>>

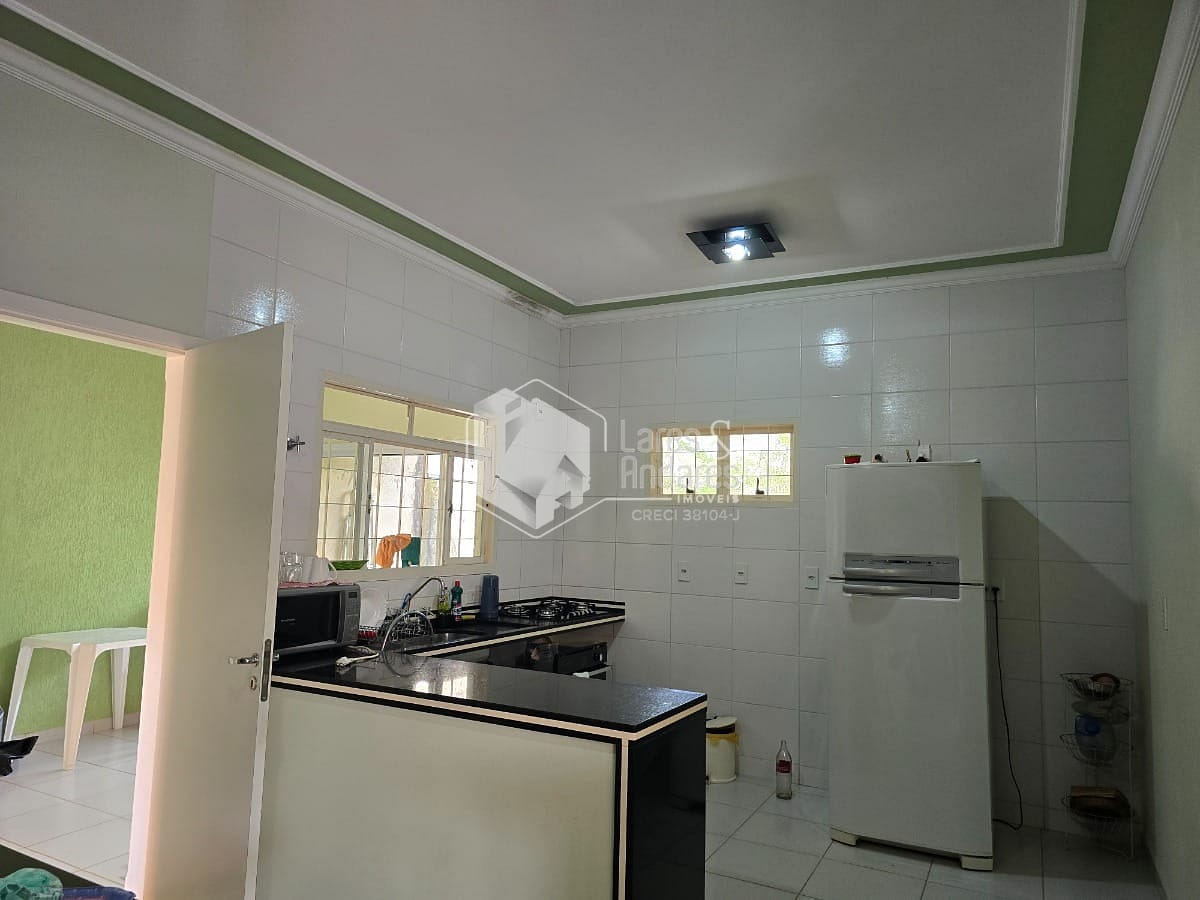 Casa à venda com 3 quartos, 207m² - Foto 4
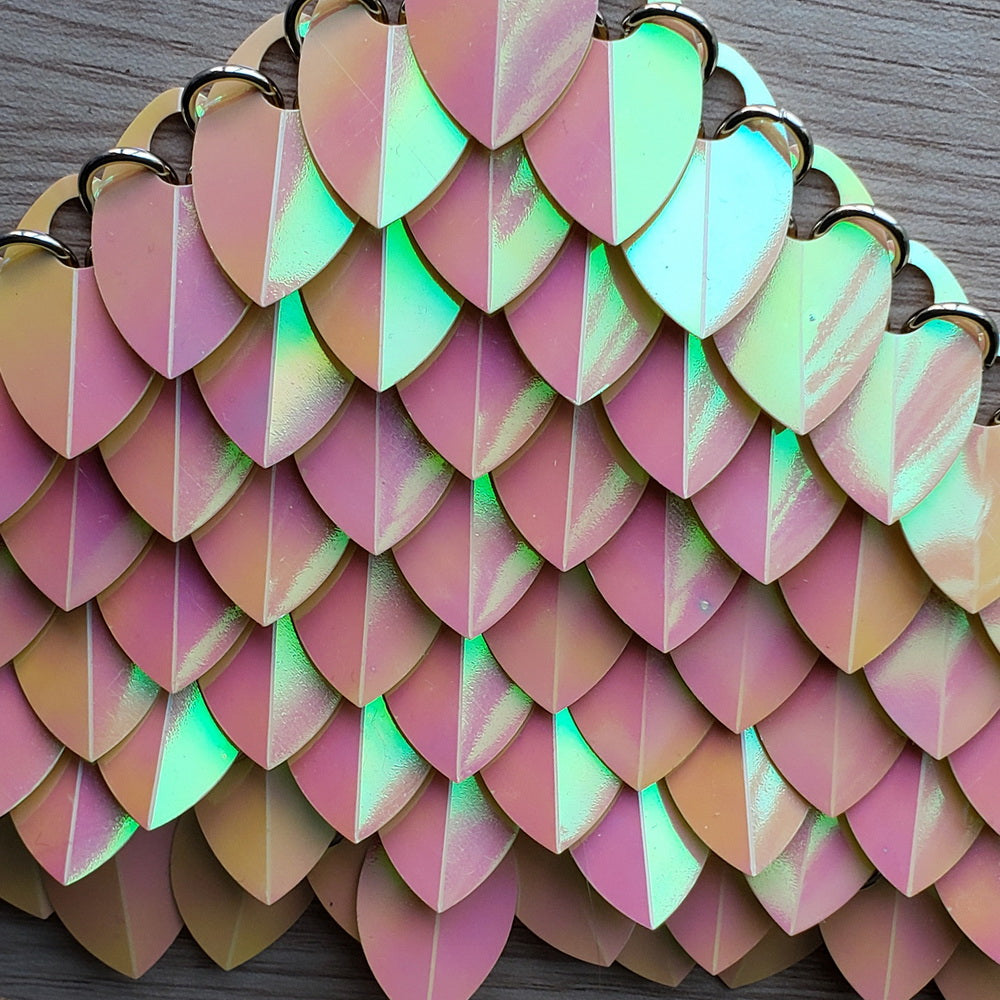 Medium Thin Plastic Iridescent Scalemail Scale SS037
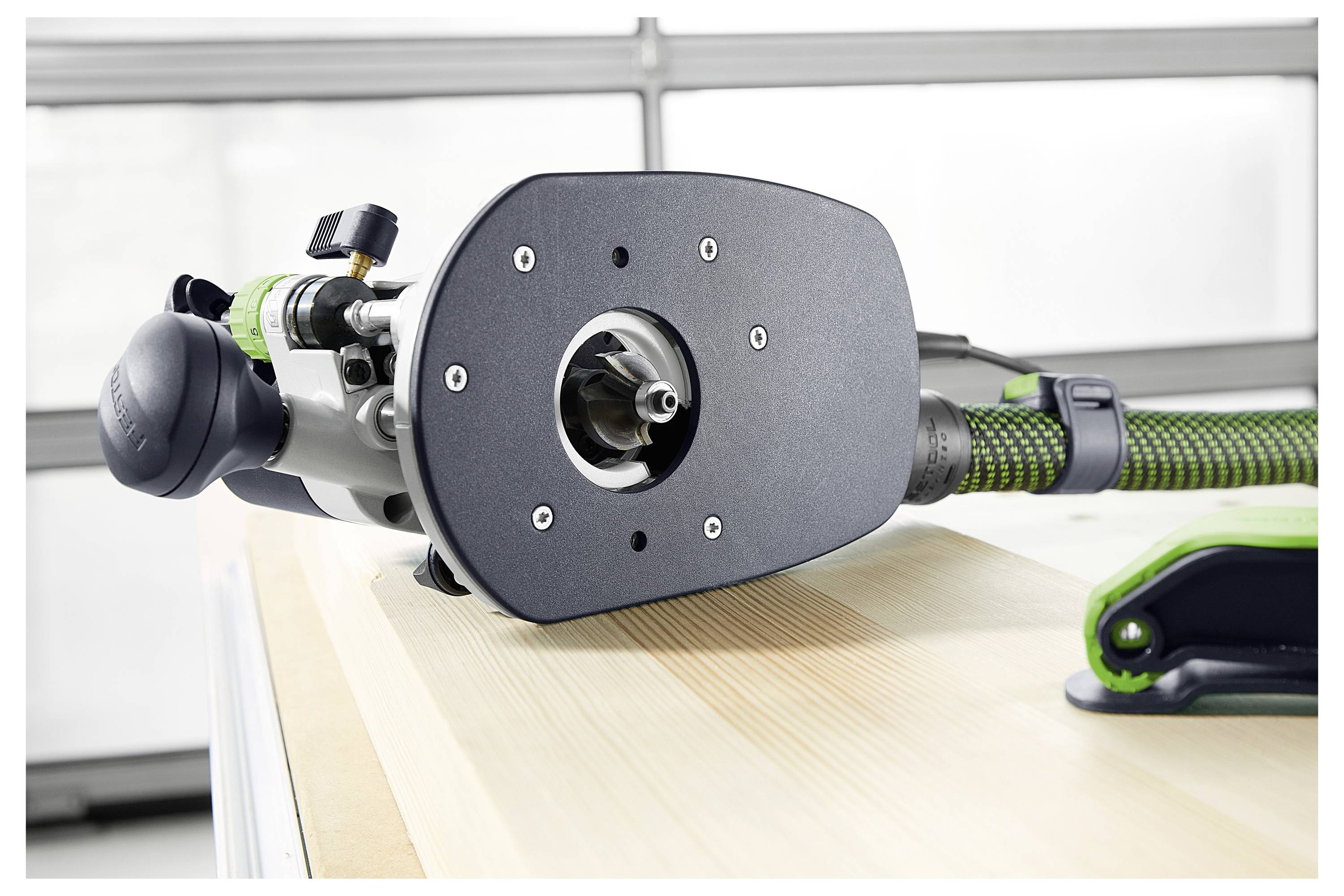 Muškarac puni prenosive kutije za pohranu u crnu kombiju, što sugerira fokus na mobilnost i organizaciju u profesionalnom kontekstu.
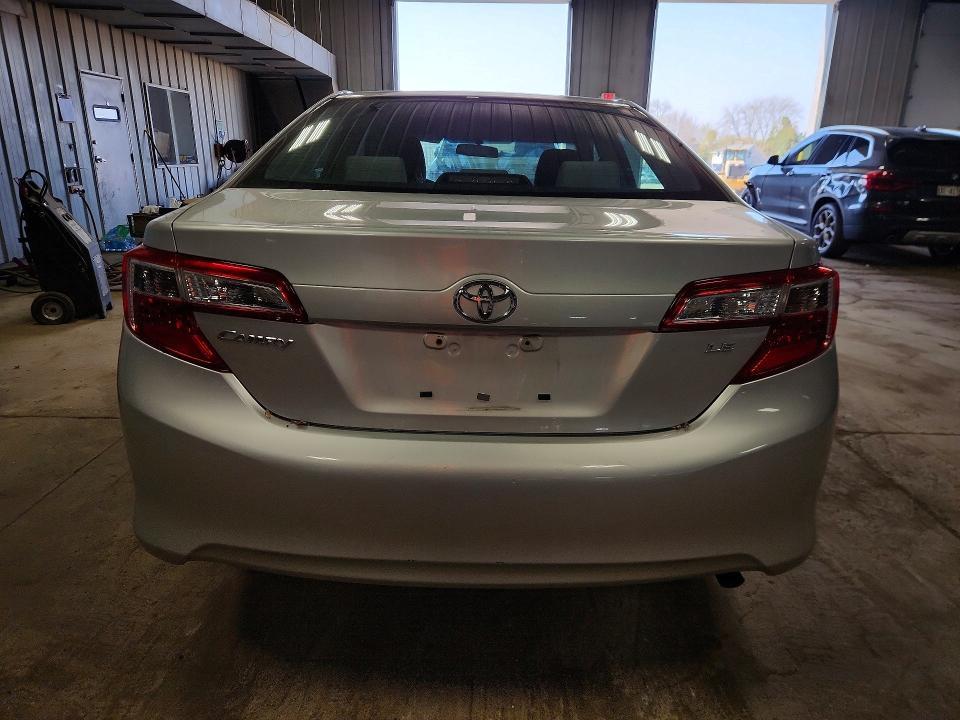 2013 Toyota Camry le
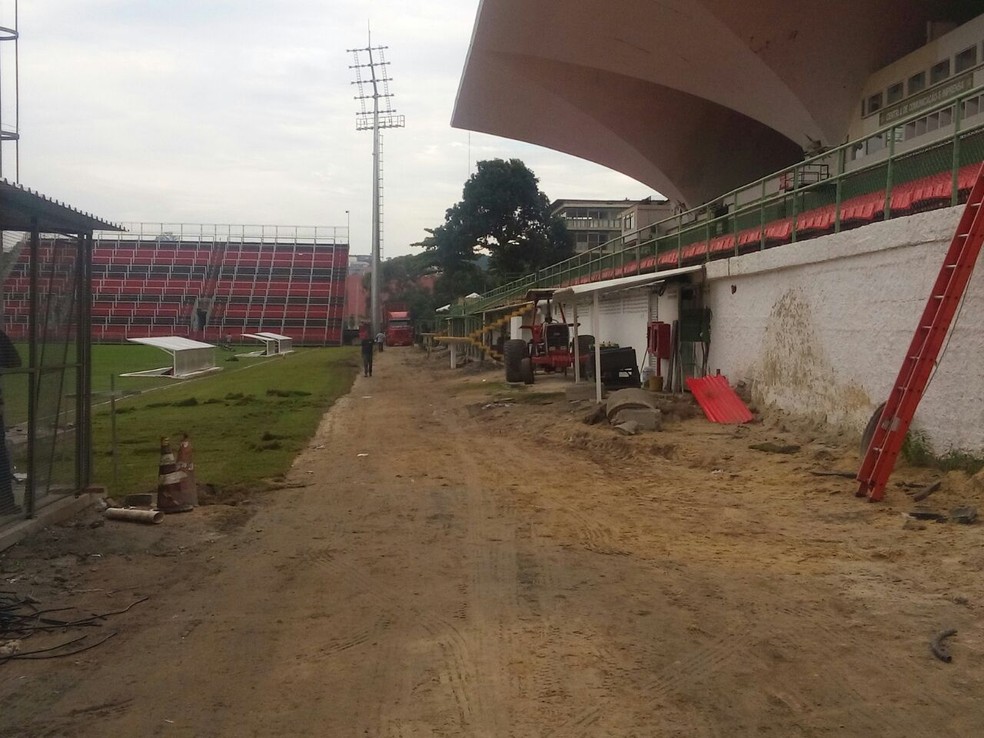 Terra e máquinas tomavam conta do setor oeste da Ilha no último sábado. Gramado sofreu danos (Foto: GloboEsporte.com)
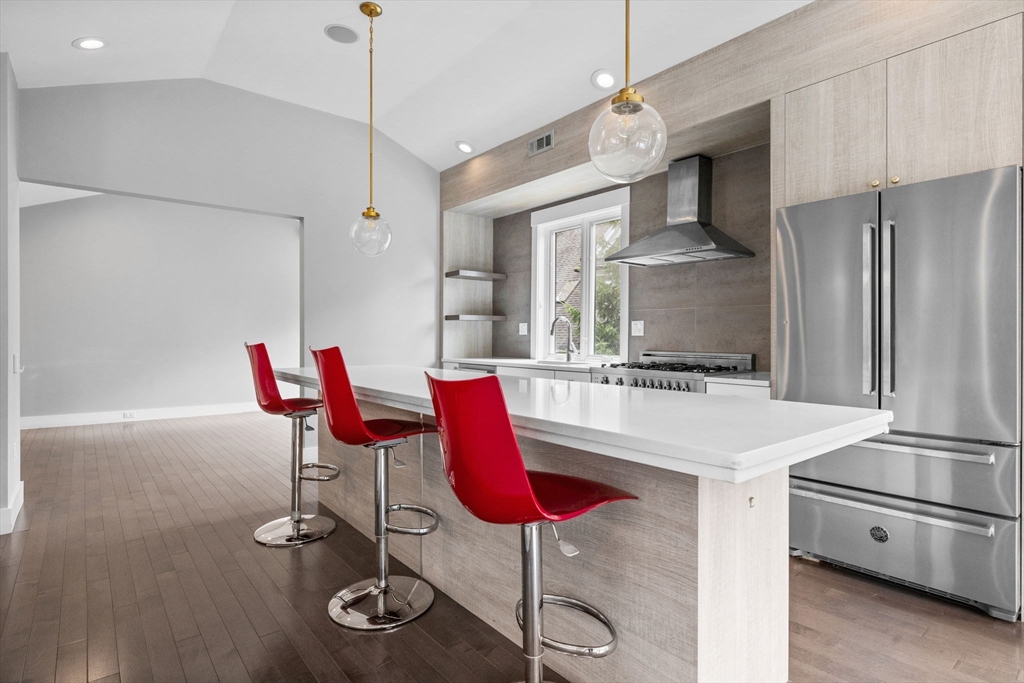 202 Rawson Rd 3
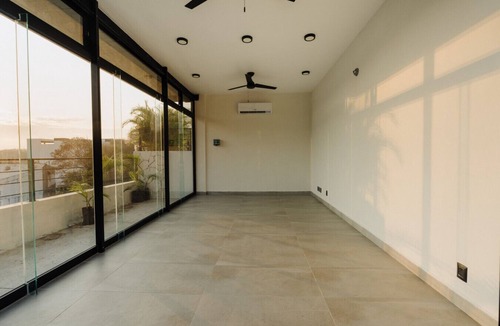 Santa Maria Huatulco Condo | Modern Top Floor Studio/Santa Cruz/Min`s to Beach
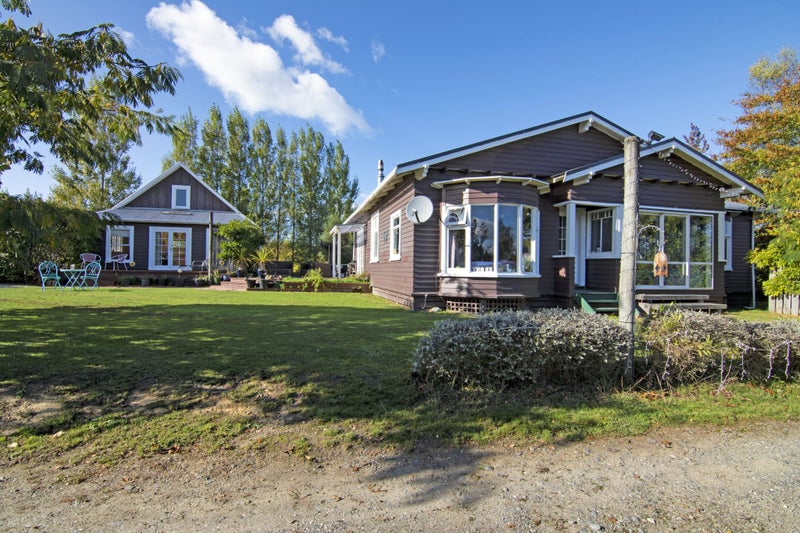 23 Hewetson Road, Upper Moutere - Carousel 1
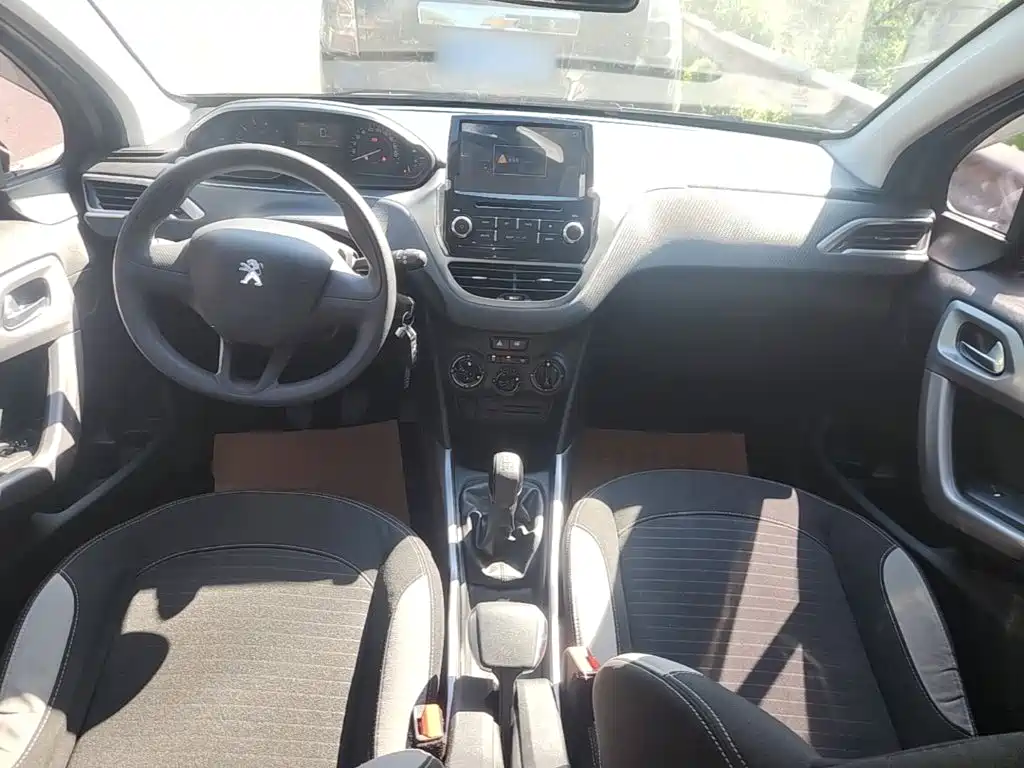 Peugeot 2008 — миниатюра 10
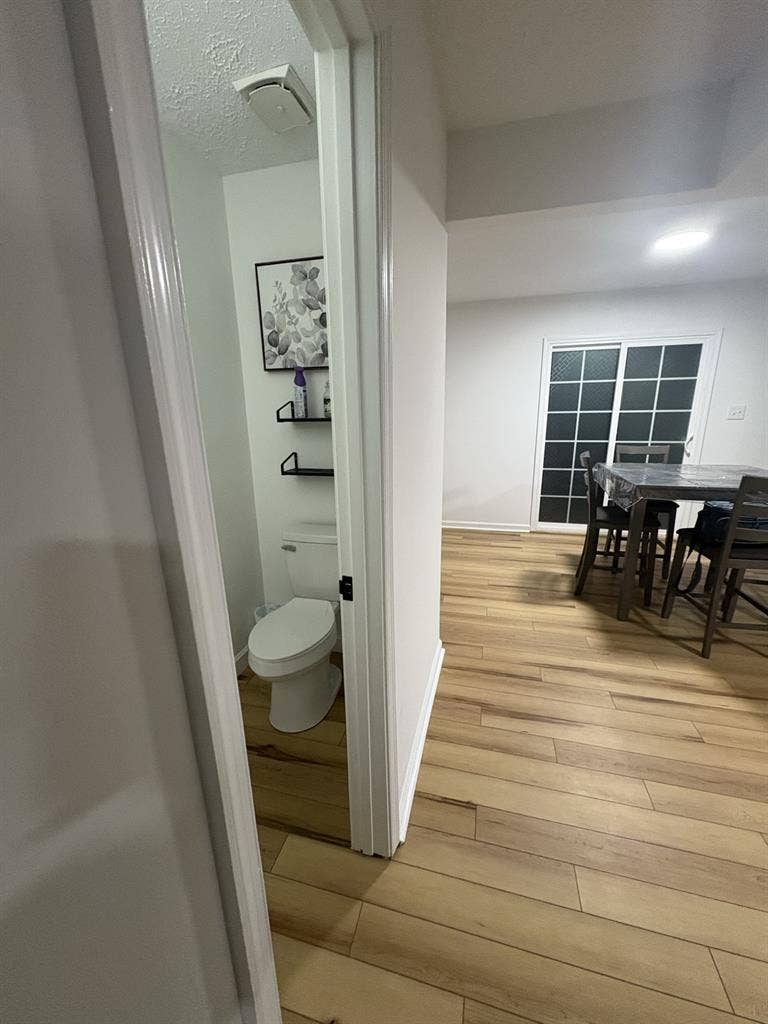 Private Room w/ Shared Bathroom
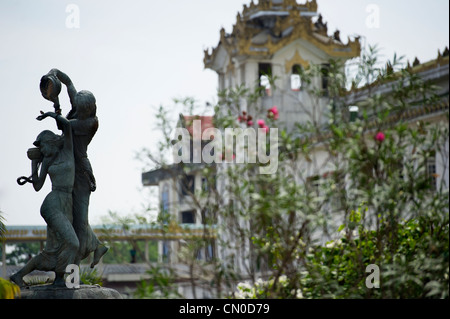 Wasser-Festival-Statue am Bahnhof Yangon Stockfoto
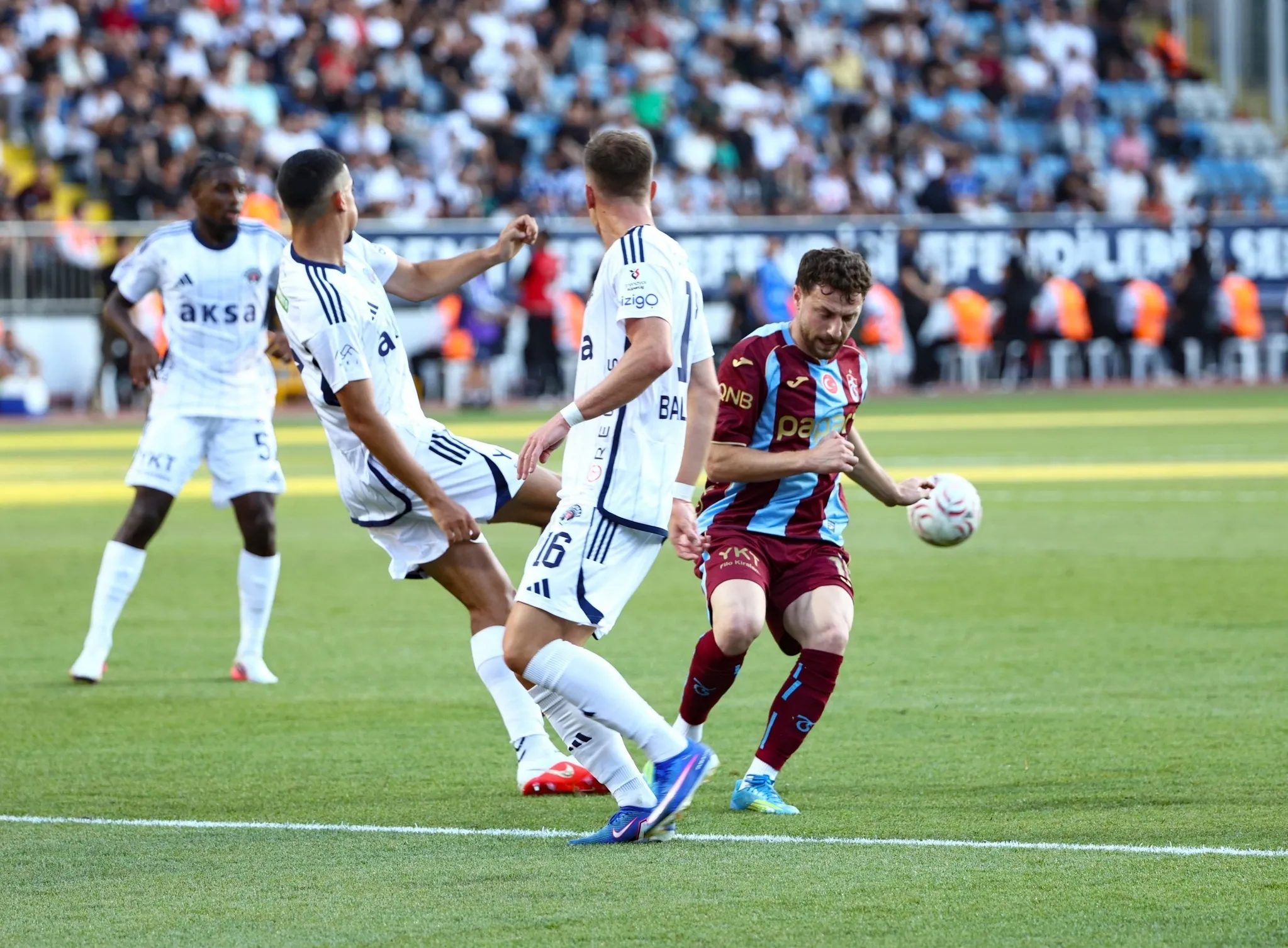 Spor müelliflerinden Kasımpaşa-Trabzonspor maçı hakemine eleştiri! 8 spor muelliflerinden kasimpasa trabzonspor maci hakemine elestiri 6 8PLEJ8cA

<<

Without the pictures, transcribe exactly the lines above from the one containing "2013 Toyota Camry le" through the last.

 2013 Toyota Camry le
 Terra e máquinas tomavam conta do setor oeste da Ilha no último sábado. Gramado sofreu danos (Foto: GloboEsporte.com)
 202 Rawson Rd 3
 Santa Maria Huatulco Condo | Modern Top Floor Studio/Santa Cruz/Min`s to Beach
 23 Hewetson Road, Upper Moutere - Carousel 1
 Peugeot 2008 — миниатюра 10
 Private Room w/ Shared Bathroom
 Wasser-Festival-Statue am Bahnhof Yangon Stockfoto
 Spor müelliflerinden Kasımpaşa-Trabzonspor maçı hakemine eleştiri! 8 spor muelliflerinden kasimpasa trabzonspor maci hakemine elestiri 6 8PLEJ8cA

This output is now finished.